Berangkat atas dasar fenomena di atas, bagaimana merumuskan sebuah etika berpolitik yang Islami6? Etika yang mengatur kehidupan damai, bukan  perselisihan dan kejahiliyahan7. Karena pada dasarnya manusia diciptakan tidak hanya saja sebagai mahluk pribadi (individu), tetapi juga sebagai mahluk sosial. Aspek sosial ini yang harus digaris bawahi, sehingga wajar jika manusia dituntut berperan aktif dalam pergulatan realitas dengan keterbatasan dan keuniversalitasannya. Keterbatasan tercipta, karena kebebasan manusia dibatasi oleh hak orang lain --yakni nilai-nilai, norma, adat istiadat, etika dan lain-lain—dan universalitas dimiliki karena manusia diberi hak untuk mengelola secara maksimal dunia ini dengan sebaik-baiknya oleh Tuhan8. Ini yang mendasari tuntutan perlunya seperangkat etika dalam kehidupan bermasyarakat sehingga tercipta kehidupan yang harmonis ---meskipun tidak menjamin kemakmuran--- sebagaimana sabda Tuhan, bahwa diciptakannya manusia di dunia ini adalah sebagai khalifatullah.
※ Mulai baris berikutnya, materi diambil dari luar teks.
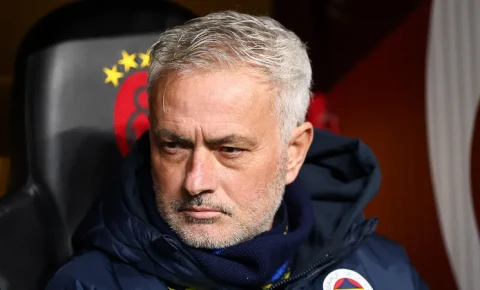 “Benfika” ilə oyundan öncə Joze Mourinyo "Fənərbağça" rəhbərliyini tənqid etdi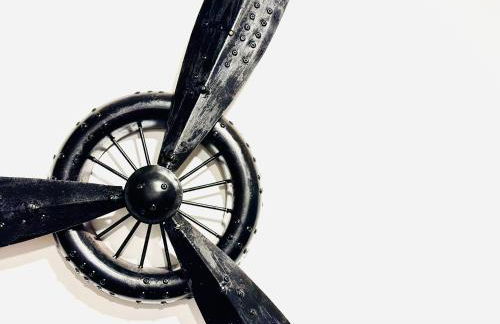 ÁTICO BOJ - Terraza con jardín & Hórreo Chill con vistas al mar - Foto 45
B.     Pengertian Etika dan Etika Politik

1.      Pengertian Etika
Istilah “etika”, berasal dari Bahasa Yunani Kuno. Istilah ini diambil dari kata “ethos”, dalam bentuk tunggal mempunyai banyak arti, yaitu kebiasaan, adat, watak, ahlak, perasaan, sikap dan cara berfikir. Dalam bentuk jamak artinya adalah kebiasaan9.
Dalam bahasa Inggris ethic berarti, system of moral principles10. Istilah etika, moral dan akhlaq, secara etimologis memiliki makna yang sama, yakni adat, kebiasaan, dan perangai (watak), hanya saja ketiga istilah ini berasal dari bahasa yang berbeda, yaitu bahasa Yunani, Latin dan Arab11.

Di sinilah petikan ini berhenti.